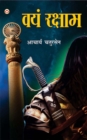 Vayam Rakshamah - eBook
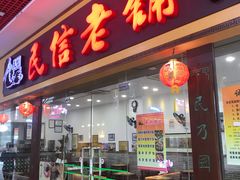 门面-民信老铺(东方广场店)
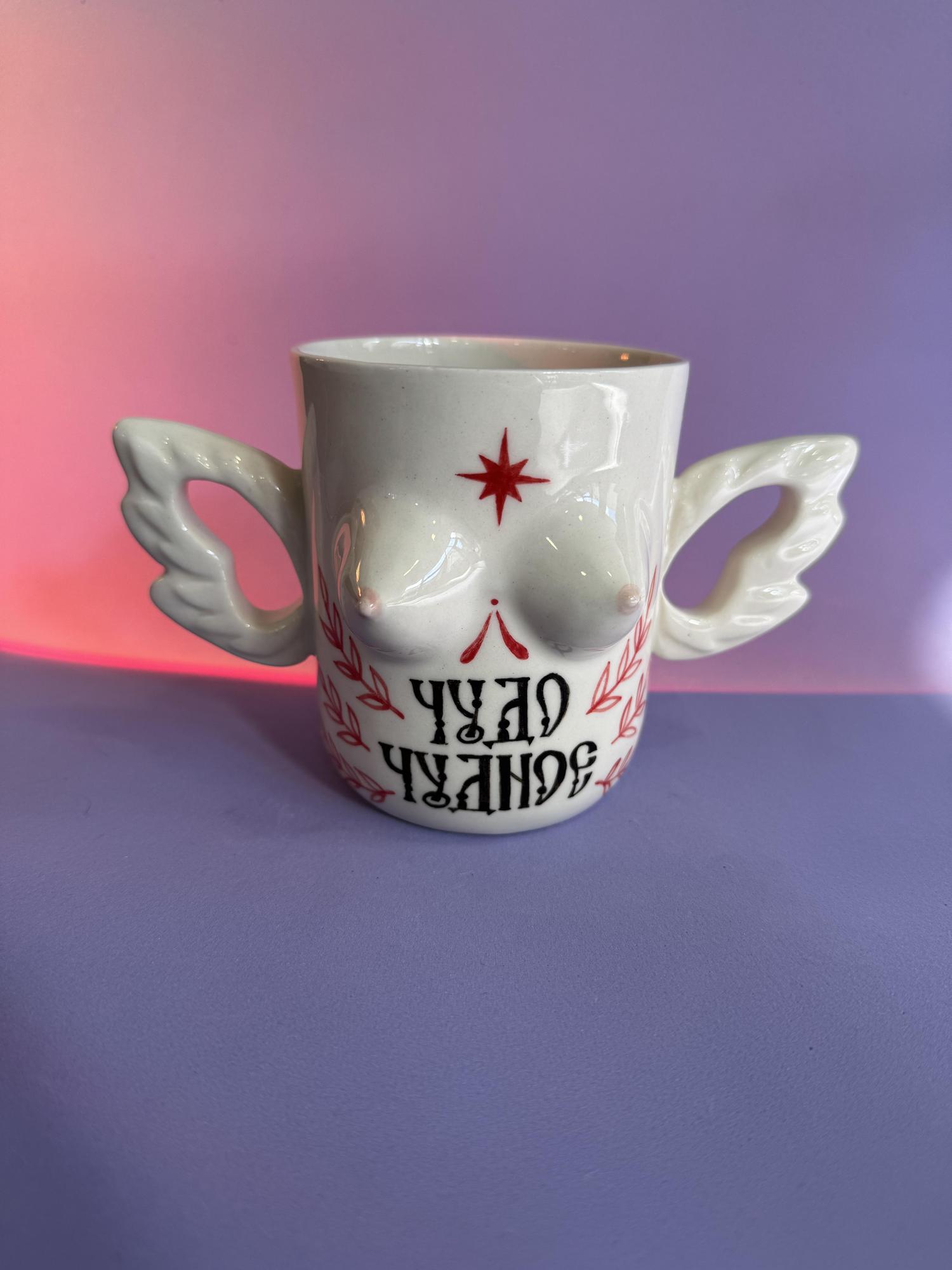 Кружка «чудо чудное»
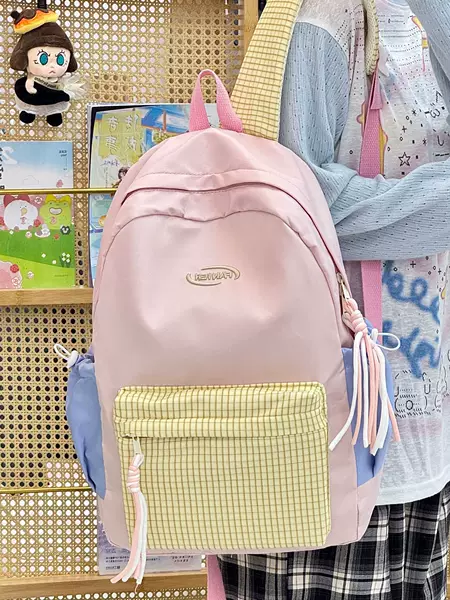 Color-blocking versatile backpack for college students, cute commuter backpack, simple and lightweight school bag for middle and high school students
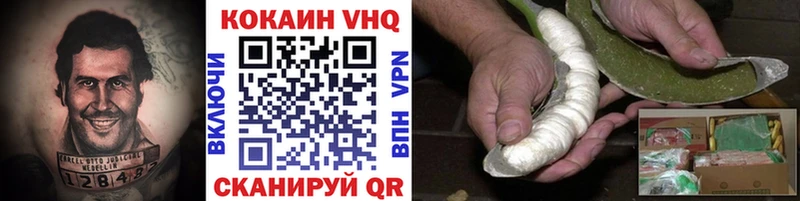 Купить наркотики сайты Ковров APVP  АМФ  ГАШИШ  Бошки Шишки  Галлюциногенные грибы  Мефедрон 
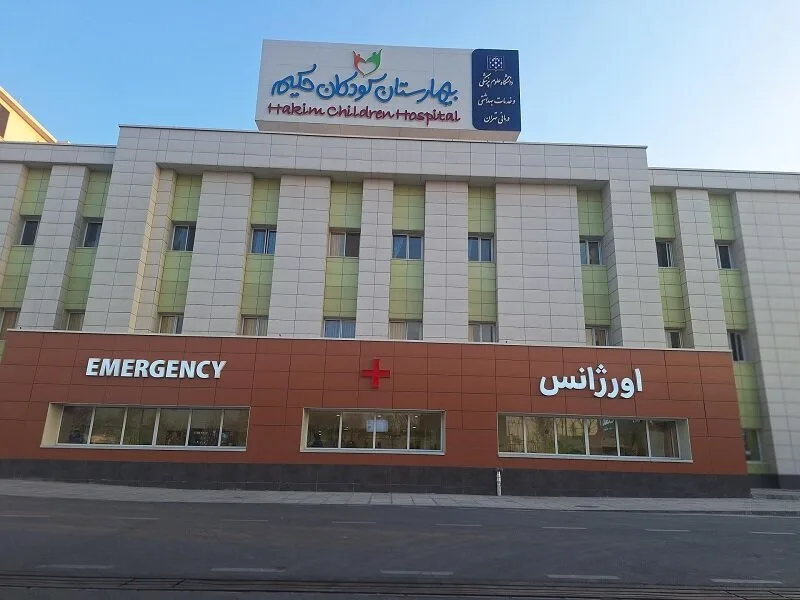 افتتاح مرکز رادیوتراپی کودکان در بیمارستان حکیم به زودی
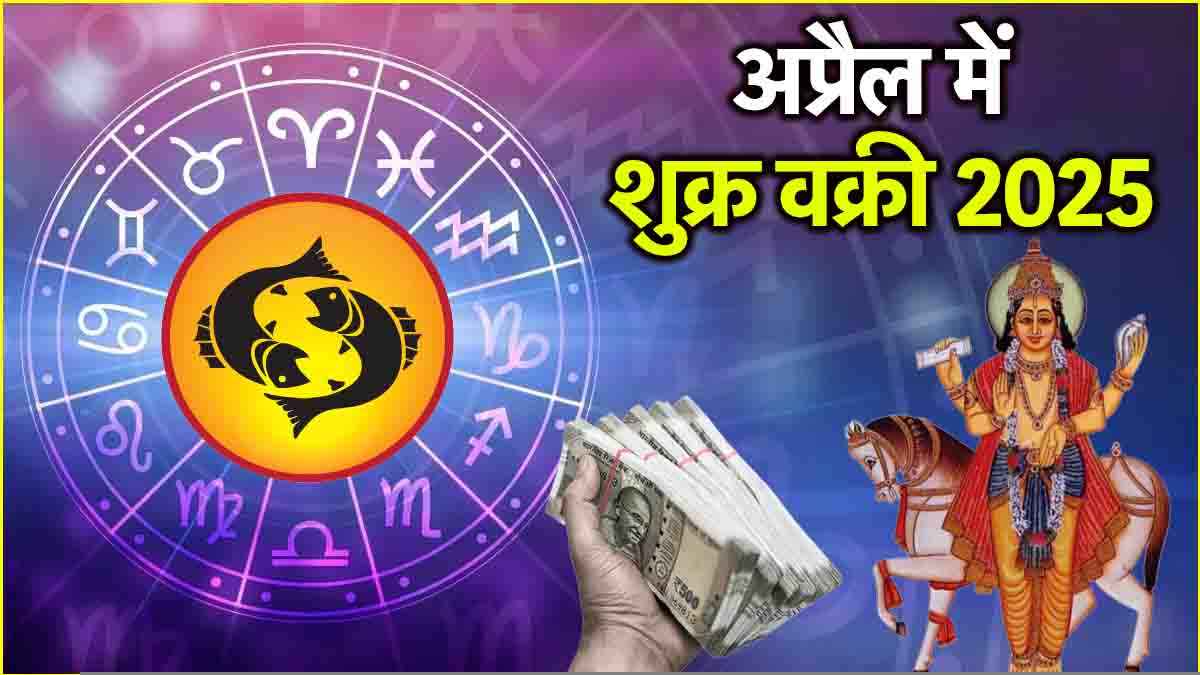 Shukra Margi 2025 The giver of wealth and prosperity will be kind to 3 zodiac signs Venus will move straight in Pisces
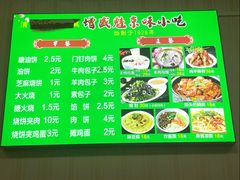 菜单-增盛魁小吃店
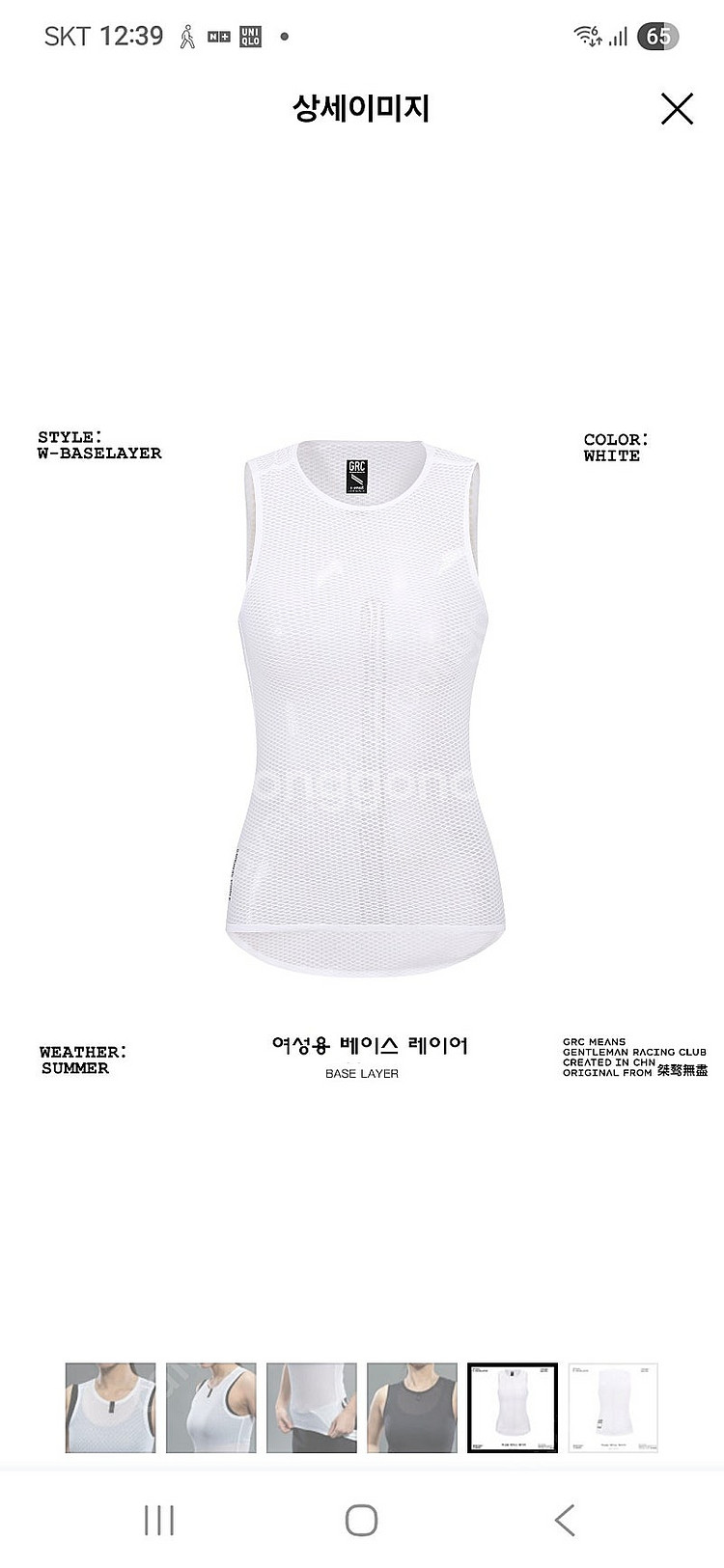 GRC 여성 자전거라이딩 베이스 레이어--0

- - -

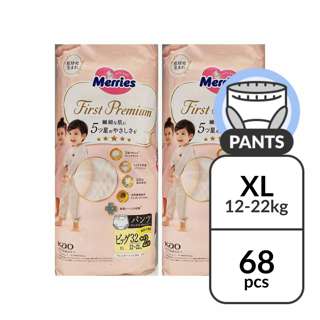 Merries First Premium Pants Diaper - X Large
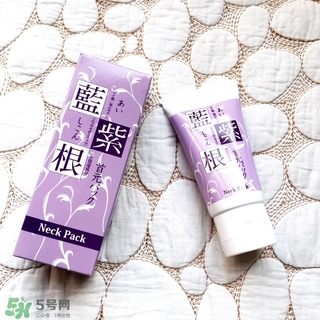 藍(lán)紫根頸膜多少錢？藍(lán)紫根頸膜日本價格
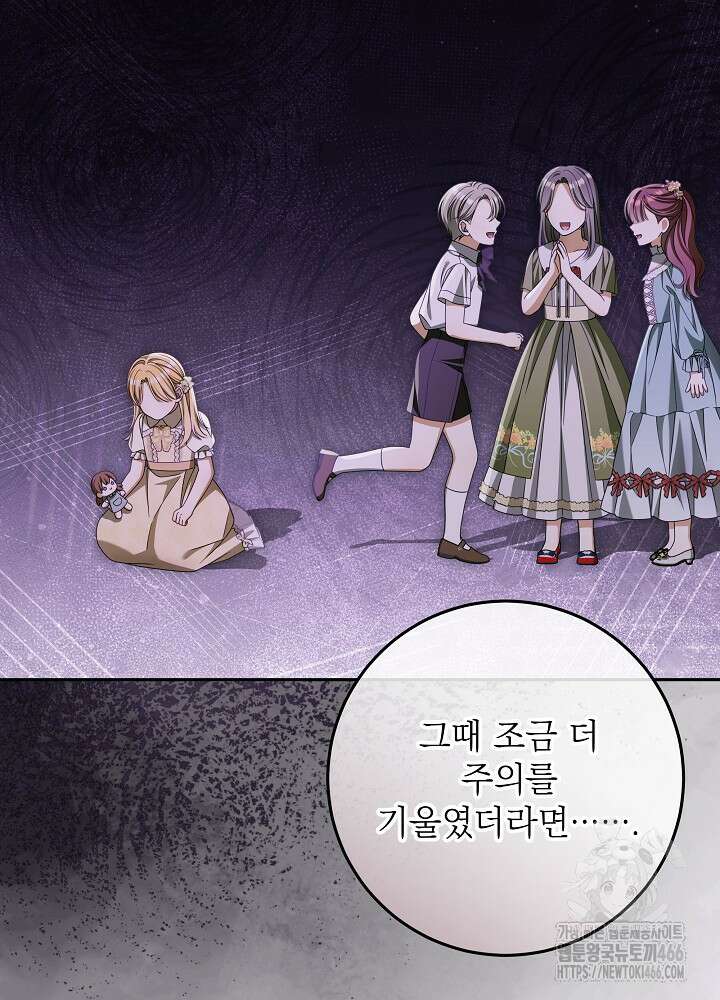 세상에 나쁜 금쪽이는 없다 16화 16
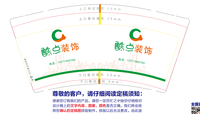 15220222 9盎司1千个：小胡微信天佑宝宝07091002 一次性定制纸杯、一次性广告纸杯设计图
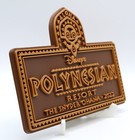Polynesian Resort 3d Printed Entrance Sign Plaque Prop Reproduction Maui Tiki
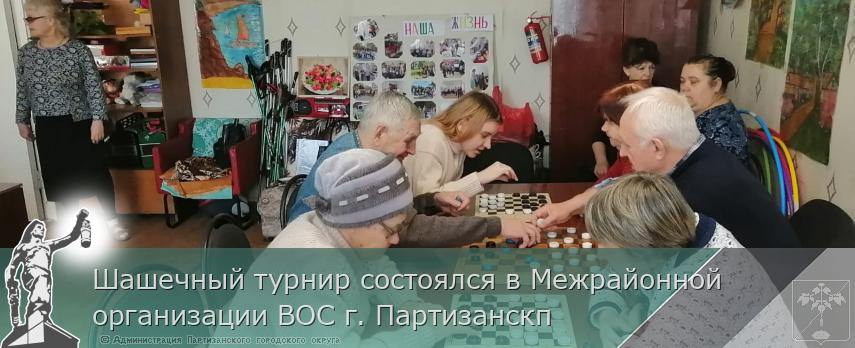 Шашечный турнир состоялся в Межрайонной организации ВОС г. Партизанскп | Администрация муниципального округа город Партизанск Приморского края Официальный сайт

- - -

Pictures are to be left out. Write out only the lines above starting at the one with "Vayam Rakshamah - eBook" and ending at the one with "GRC 여성 자전거라이딩 베이스 레이어--0", both lines included, exactly.

 Vayam Rakshamah - eBook
 门面-民信老铺(东方广场店)
 Кружка «чудо чудное»
 Color-blocking versatile backpack for college students, cute commuter backpack, simple and lightweight school bag for middle and high school students
 Купить наркотики сайты Ковров APVP  АМФ  ГАШИШ  Бошки Шишки  Галлюциногенные грибы  Мефедрон 
 افتتاح مرکز رادیوتراپی کودکان در بیمارستان حکیم به زودی
 Shukra Margi 2025 The giver of wealth and prosperity will be kind to 3 zodiac signs Venus will move straight in Pisces
 菜单-增盛魁小吃店
 GRC 여성 자전거라이딩 베이스 레이어--0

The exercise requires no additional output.